=== EXERCISE ===
Transcribe the data that follows in full. Leave out the pictures.
+++ DATA BLOCK +++
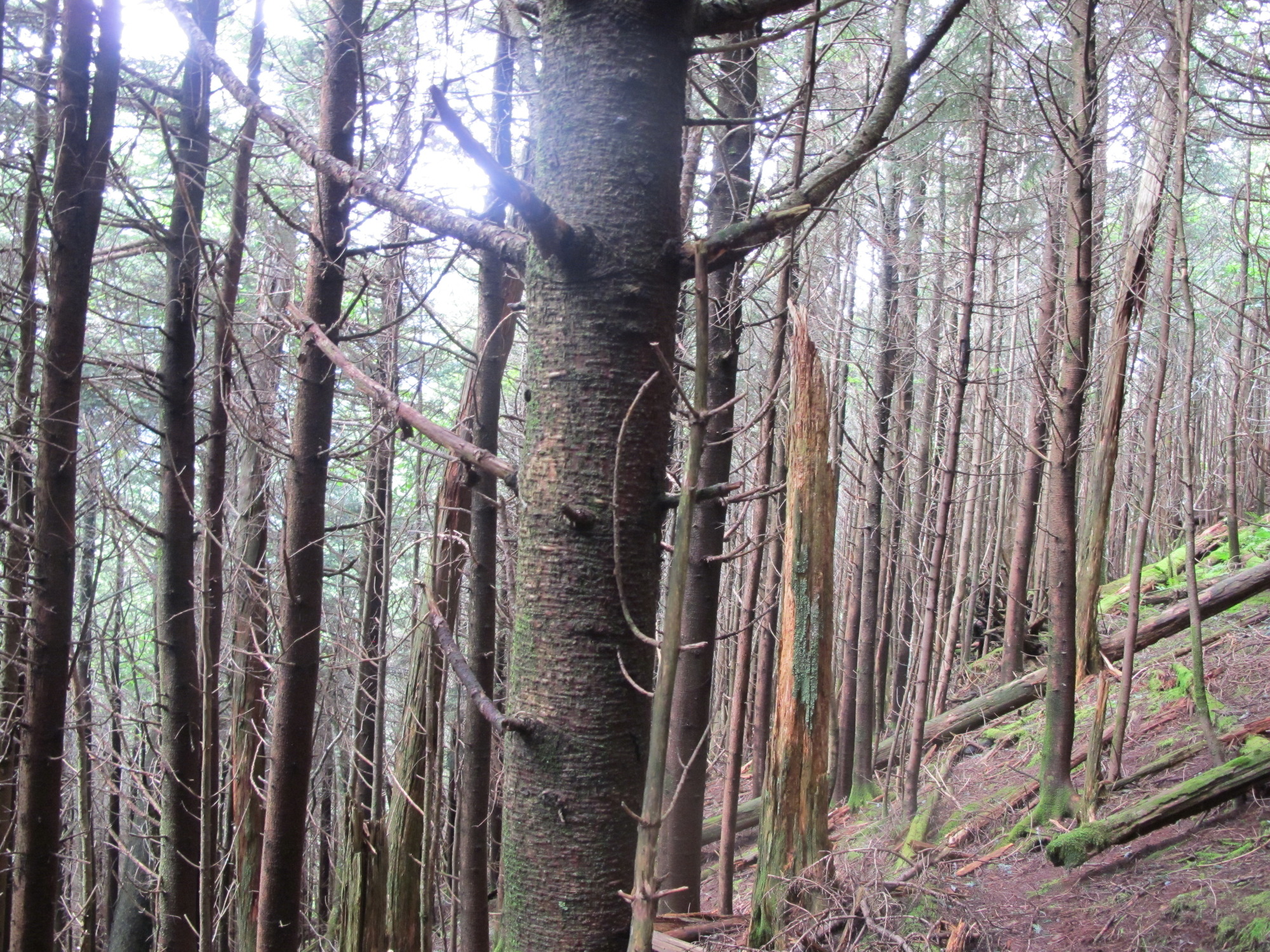 GRSM Accuracy Assessment. Plot Code: GRSM_AA_0009_2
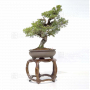 juniperus chinensis itoigawa ref : 03030232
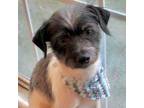 Adopt Odie a Terrier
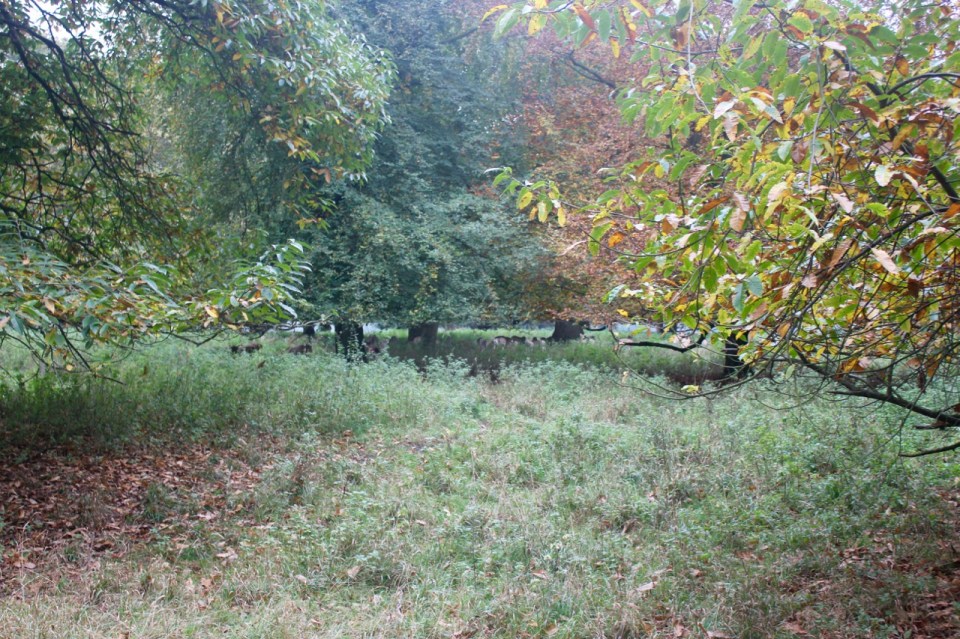 Herds of Fallow deer feeding on chestnuts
+++
=== TASK RESPONSE ===
 GRSM Accuracy Assessment. Plot Code: GRSM_AA_0009_2
 juniperus chinensis itoigawa ref : 03030232
 Adopt Odie a Terrier
 Herds of Fallow deer feeding on chestnuts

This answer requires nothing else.